From 9b4e6c3b4d852883a372332461253ef9eae6d014 Mon Sep 17 00:00:00 2001
From: Jack Jackson <scubbojj@gmail.com>
Date: Thu, 17 Apr 2025 22:17:26 -0700
Subject: [PATCH] Introduce ability to seed data directly from GSheet

Reasonably hacky, in that I introduce a facade to reuse the data format
previously provided by the `csv` module, rather than using the
`list[list[str]]` directly.

Next I want to introduce something like Celery to continually refresh.

Note that this will require changes to the deployment repo in order to
provide the required secrets.
---
 README.md                     | 14 ++++++++
 app/routers/seed.py           | 56 ++++++++++++++++++++++++++-----
 app/services/google_sheets.py | 63 +++++++++++++++++++++++++++++++++++
 app/templates/seed.html       |  6 ++--
 compose.yaml                  |  4 +++
 requirements.txt              |  3 ++
 tests/routers/test_seed.py    | 15 +++++++++
 tests/test_fresh_db_tests.py  |  8 +++++
 8 files changed, 157 insertions(+), 12 deletions(-)
 create mode 100644 app/services/google_sheets.py
 create mode 100644 tests/routers/test_seed.py

diff --git a/README.md b/README.md
index 8620427..aa6e974 100644
--- a/README.md
+++ b/README.md
@@ -1,3 +1,17 @@
 [![Ruff](https://img.shields.io/endpoint?url=https://raw.githubusercontent.com/astral-sh/ruff/main/assets/badge/v2.json)](https://github.com/astral-sh/ruff)
 
 This is a score tracker for an EDH ("Commander") group.
+
+# Reading from a Google Sheet
+
+Eventually, I'd want this application to be data-resilient enough to be the primary store of data.
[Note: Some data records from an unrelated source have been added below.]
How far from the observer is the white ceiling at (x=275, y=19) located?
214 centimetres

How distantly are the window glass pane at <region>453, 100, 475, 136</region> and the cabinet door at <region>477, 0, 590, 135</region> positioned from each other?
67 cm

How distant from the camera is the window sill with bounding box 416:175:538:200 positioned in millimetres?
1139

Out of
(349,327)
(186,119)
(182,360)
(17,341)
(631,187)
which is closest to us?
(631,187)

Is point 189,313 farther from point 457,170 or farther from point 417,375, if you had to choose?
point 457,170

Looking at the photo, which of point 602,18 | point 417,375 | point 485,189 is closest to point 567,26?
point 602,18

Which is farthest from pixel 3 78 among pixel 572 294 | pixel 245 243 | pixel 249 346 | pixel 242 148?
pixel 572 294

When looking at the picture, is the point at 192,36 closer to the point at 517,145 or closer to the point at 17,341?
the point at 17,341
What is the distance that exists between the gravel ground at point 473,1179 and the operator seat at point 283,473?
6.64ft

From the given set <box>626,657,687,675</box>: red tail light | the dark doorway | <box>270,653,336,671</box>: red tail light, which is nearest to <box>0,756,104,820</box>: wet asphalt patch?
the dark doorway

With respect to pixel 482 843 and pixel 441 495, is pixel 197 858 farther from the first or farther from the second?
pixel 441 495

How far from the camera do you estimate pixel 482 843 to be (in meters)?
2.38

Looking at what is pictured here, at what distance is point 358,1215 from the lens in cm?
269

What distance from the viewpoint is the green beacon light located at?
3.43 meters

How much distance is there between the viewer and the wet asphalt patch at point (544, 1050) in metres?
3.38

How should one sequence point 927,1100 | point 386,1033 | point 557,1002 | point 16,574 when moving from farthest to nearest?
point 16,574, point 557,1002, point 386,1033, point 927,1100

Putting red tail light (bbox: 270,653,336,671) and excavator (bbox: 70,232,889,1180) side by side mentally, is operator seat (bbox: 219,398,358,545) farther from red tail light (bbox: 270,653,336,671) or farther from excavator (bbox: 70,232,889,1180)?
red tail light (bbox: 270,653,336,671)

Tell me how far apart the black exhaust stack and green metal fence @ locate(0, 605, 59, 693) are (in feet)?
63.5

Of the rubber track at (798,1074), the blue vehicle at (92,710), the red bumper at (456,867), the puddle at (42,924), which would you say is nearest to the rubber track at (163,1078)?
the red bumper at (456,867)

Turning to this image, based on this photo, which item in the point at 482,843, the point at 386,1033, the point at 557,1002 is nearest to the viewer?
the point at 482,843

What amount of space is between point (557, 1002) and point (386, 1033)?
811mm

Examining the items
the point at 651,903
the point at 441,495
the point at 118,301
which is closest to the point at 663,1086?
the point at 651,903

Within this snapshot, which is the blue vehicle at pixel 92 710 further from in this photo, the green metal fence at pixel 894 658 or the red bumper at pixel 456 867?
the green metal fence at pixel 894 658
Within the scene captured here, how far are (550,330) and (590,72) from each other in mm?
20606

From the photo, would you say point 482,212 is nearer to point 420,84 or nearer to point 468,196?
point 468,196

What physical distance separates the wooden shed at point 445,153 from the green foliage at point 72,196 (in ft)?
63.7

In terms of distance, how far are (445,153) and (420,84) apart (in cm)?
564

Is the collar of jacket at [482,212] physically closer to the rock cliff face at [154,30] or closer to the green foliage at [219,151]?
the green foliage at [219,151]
For now, though, I'm reading data in from a(n impressive!) Google Sheet maintained by my playgroup.
+
+If you want to enable that syncing, you'll need to:
+
+* Go to the [Google Cloud Console](https://console.cloud.google.com)
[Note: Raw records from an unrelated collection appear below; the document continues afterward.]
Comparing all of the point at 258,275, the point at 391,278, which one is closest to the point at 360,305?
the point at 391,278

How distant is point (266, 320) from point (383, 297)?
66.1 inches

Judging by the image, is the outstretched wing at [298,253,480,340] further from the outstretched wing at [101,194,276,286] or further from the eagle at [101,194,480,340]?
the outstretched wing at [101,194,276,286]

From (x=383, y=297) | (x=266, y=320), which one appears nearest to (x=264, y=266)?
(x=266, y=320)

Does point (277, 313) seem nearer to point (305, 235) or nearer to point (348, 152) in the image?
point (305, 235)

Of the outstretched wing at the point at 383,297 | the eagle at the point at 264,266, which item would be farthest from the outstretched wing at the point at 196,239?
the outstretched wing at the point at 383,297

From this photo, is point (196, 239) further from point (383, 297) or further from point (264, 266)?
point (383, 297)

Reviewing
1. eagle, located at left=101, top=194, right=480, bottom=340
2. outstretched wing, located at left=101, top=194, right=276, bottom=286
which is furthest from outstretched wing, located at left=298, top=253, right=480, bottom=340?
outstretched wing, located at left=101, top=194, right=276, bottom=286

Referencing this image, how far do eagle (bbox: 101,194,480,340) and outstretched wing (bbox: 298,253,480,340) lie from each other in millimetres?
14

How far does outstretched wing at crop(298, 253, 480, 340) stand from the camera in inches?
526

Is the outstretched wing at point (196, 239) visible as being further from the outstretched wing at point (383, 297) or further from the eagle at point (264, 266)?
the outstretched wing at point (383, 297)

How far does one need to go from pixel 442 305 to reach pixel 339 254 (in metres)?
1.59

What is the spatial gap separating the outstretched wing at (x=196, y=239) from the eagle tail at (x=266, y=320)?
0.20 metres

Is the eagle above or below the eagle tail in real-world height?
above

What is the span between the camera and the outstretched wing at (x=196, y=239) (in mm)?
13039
+  * If you haven't got one already, create a Project
+* Go to "IAM and admin > Service Accounts"
+* Create a new Service Account
+* Note the resultant email address, and share the Google Sheet with it
+
+If you haven't used the Google Sheets API in your Project, you may need to enable it, at `console.cloud.google.com/apis/library/sheets.googleapis.com?project=<your_project_slug>`
diff --git a/app/routers/seed.py b/app/routers/seed.py
index dcfcc8b..ed19763 100644
--- a/app/routers/seed.py
+++ b/app/routers/seed.py
@@ -9,6 +9,8 @@ from fastapi import APIRouter, Depends, HTTPException, Request, UploadFile
 from fastapi.responses import HTMLResponse
 from sqlalchemy.orm import Session
 
+from app.services import google_sheets
+
 from .decks import list_decks
 from .games import create_game, latest_game, list_games
 from .players import list_players
@@ -86,10 +88,10 @@ def seed_games(file: UploadFile, db: Session = Depends(get_db)):
     return "OK!"
 
 
-@api_router.post("/all_in_one")
-def all_in_one(file: UploadFile, db: Session = Depends(get_db)):
-    file_contents = file.file.read().decode("utf-8").split("\n")
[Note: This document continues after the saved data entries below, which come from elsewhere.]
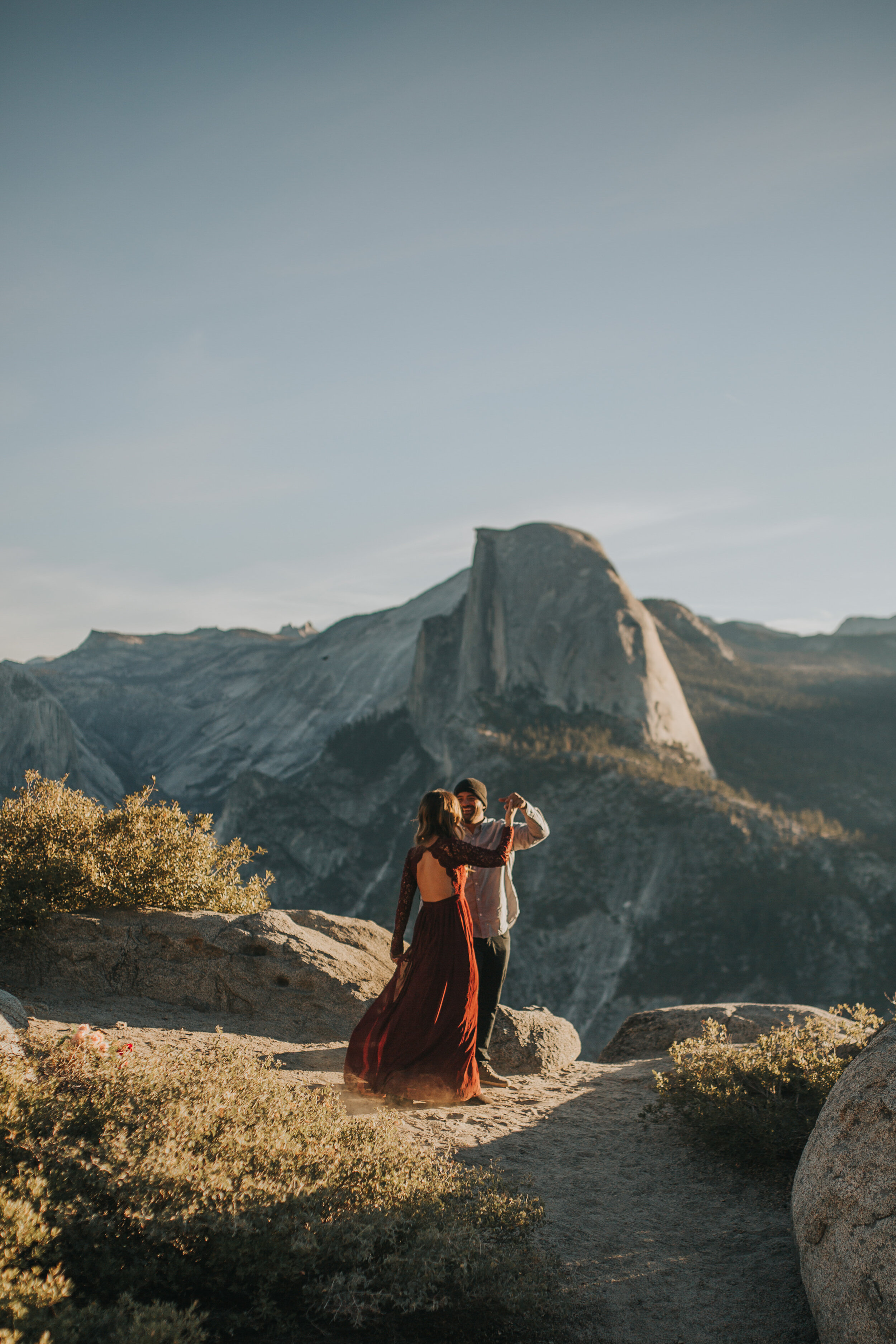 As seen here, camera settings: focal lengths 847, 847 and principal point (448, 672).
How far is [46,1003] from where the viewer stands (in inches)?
258

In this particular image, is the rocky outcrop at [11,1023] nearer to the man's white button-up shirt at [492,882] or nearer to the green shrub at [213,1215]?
the green shrub at [213,1215]

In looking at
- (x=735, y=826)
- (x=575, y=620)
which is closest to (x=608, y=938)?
(x=735, y=826)

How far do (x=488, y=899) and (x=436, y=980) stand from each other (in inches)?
32.5

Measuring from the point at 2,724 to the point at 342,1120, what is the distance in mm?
50415

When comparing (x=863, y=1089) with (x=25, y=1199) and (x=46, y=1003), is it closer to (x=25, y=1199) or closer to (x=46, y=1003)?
(x=25, y=1199)

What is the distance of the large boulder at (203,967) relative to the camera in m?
7.29

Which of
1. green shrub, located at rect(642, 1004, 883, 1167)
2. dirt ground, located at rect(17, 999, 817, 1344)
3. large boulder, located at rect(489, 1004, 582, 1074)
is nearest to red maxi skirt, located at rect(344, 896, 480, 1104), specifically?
dirt ground, located at rect(17, 999, 817, 1344)

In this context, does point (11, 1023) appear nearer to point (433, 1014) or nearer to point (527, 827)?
point (433, 1014)

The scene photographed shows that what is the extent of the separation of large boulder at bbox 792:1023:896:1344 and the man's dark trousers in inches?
120

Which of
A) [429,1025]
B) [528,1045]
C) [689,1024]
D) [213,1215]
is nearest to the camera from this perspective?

-    reader = csv.DictReader(file_contents, delimiter=",")
+@api_router.post("/from_google_sheets")
+def from_google_sheets(db: Session = Depends(get_db)):
+    data = google_sheets.get_data()
+    reader = CSVFacade(data)
 
     # Fetch the currently-known-information so that we can avoid recreating existing data
     current_player_ids_by_name = {
@@ -184,7 +186,7 @@ def all_in_one(file: UploadFile, db: Session = Depends(get_db)):
     # (Again, if we _really_ cared about efficiency we could have stored this data on the first pass to avoid a
     # retraversal. I suspect that the overhead of O(2*n) vs. O(n) data-reads is going to be insignificant)
     # ((Yes, I know that's an abuse of Big-O notation, shut up - you knew what I meant :P ))
-    reader = csv.DictReader(file_contents, delimiter=",")
+    reader = CSVFacade(data)
     for row in reader:
         # Skip any games created before the date of the latest current game
         # (Note that this means that the `all_in_one` method cannot be used to backfill any previously-played games. If
@@ -205,9 +207,16 @@ def all_in_one(file: UploadFile, db: Session = Depends(get_db)):
 
         if not row["Winning Deck"].startswith("Tie"):
             print(f"DEBUG - checking row {row}")
-            index_of_winning_deck = [
-                row[f"Deck {i+1}"] == row["Winning Deck"] for i in range(6)
-            ].index(True)
+            try:
+                index_of_winning_deck = [
+                    row[f"Deck {i+1}"] == row["Winning Deck"] for i in range(6)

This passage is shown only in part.